**What you are asked to do:**
Once you find the line with "LS0893 - ĐAI" in the entries below, return exactly every line from it through the line with "The SCRIPT section".

**Task inputs:**
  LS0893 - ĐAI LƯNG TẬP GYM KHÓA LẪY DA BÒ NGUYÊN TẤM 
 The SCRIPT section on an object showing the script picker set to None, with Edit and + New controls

* * *

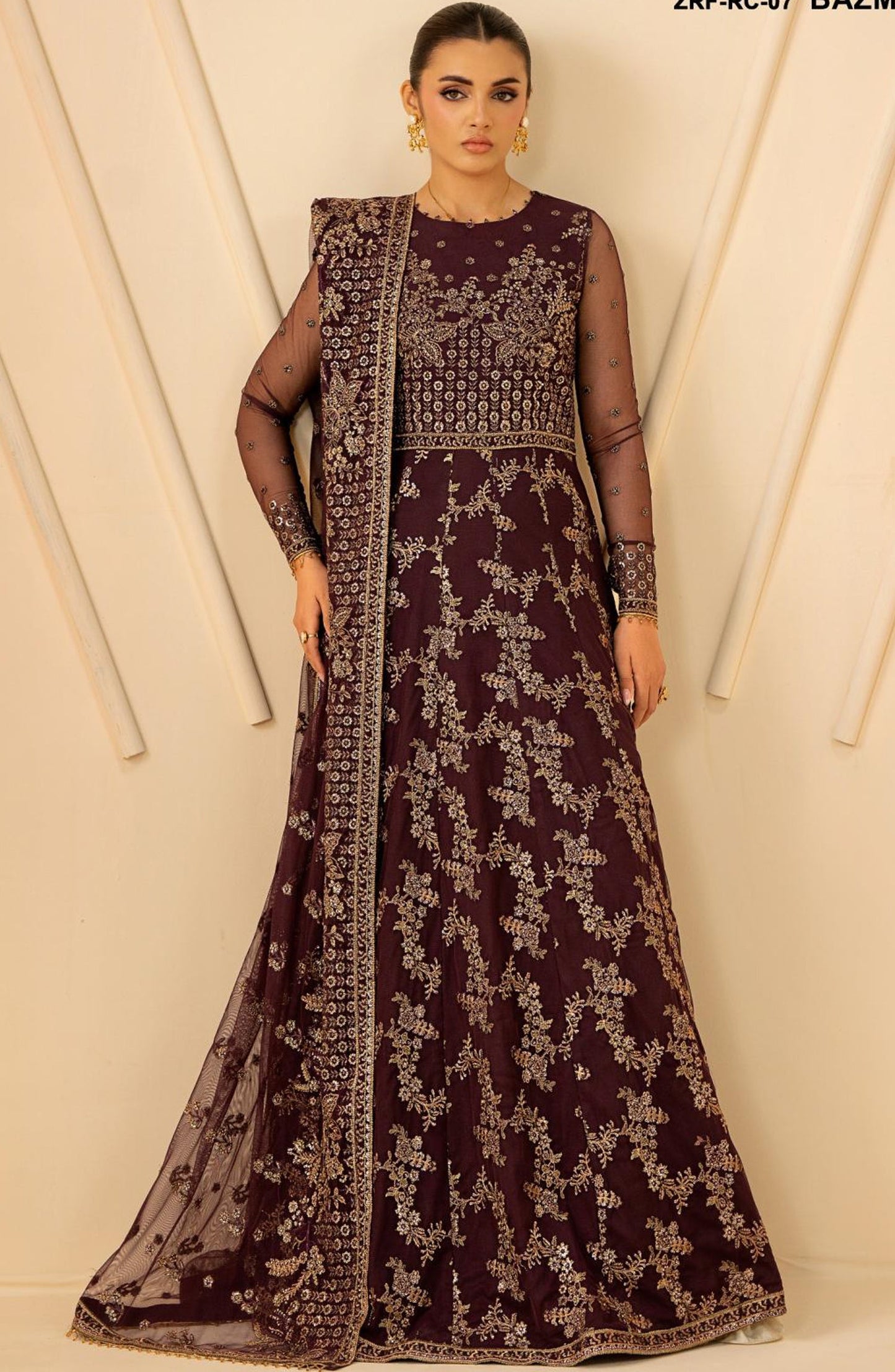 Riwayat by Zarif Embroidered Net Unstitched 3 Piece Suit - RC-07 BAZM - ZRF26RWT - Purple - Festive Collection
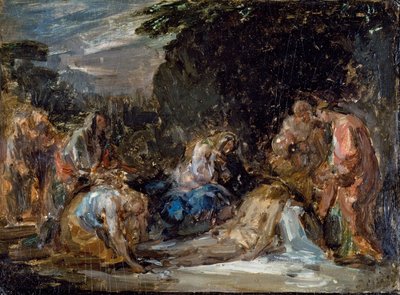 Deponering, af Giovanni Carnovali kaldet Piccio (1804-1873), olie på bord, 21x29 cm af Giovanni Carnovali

**Exercise result:**
  LS0893 - ĐAI LƯNG TẬP GYM KHÓA LẪY DA BÒ NGUYÊN TẤM 
 The SCRIPT section on an object showing the script picker set to None, with Edit and + New controls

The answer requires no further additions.